*Provided data*:

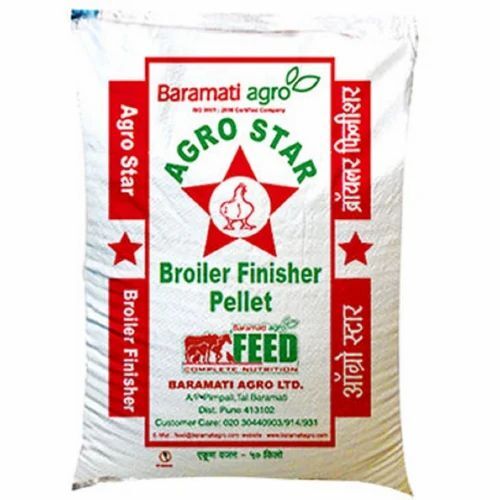 Broiler Finisher Pallet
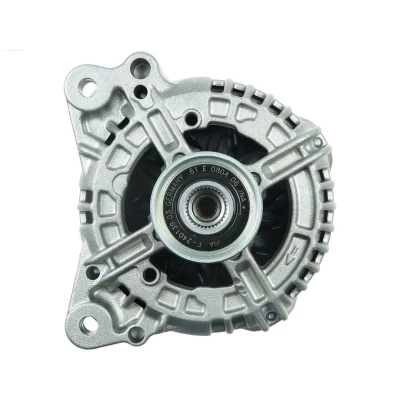Bilde av AS PL A0310PR Dynamo 12V 140A VOLKSWAGEN: Caddy 3, GOLF Plus / Crossgolf, 6, AUDI: A3 Sportback, SKODA: Fabia 2, Rapid Spaceback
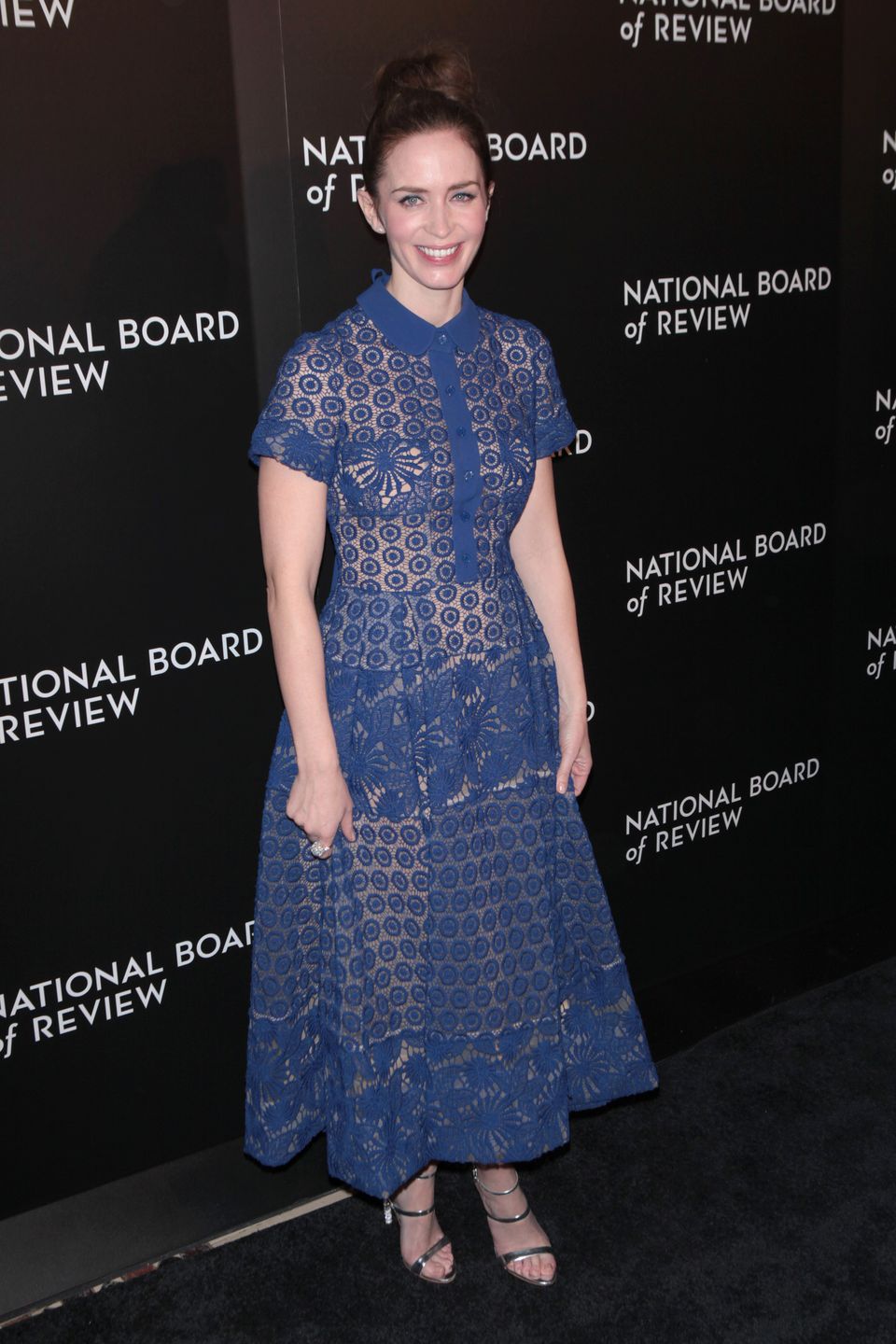Emily Blunt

*Task requirements*: With the pictures omitted, print each line of the data above precisely as given.

*Result of the exercise*:
 Broiler Finisher Pallet
Bilde av AS PL A0310PR Dynamo 12V 140A VOLKSWAGEN: Caddy 3, GOLF Plus / Crossgolf, 6, AUDI: A3 Sportback, SKODA: Fabia 2, Rapid Spaceback
Emily Blunt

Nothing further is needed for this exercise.